▸ **Data for this exercise**:

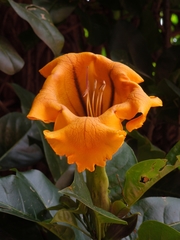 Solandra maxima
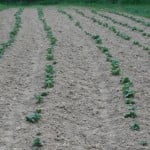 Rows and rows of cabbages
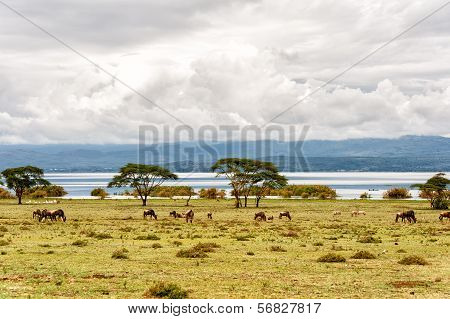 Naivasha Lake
* * *
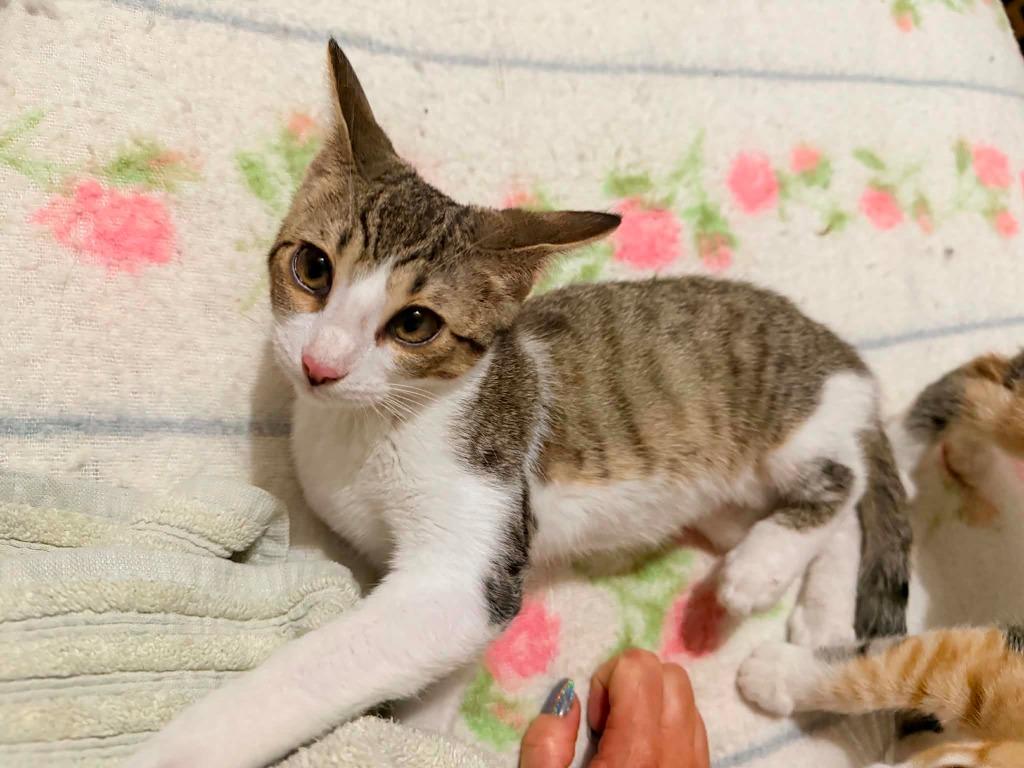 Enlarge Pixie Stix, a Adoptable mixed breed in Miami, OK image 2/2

▸ **Work instruction**: Up in the listing, locate the line with "Solandra maxima"; print it and every line after it down to the line with "Naivasha Lake", which is included too. Skip the pictures.

▸ **Result below**:
 Solandra maxima
 Rows and rows of cabbages
 Naivasha Lake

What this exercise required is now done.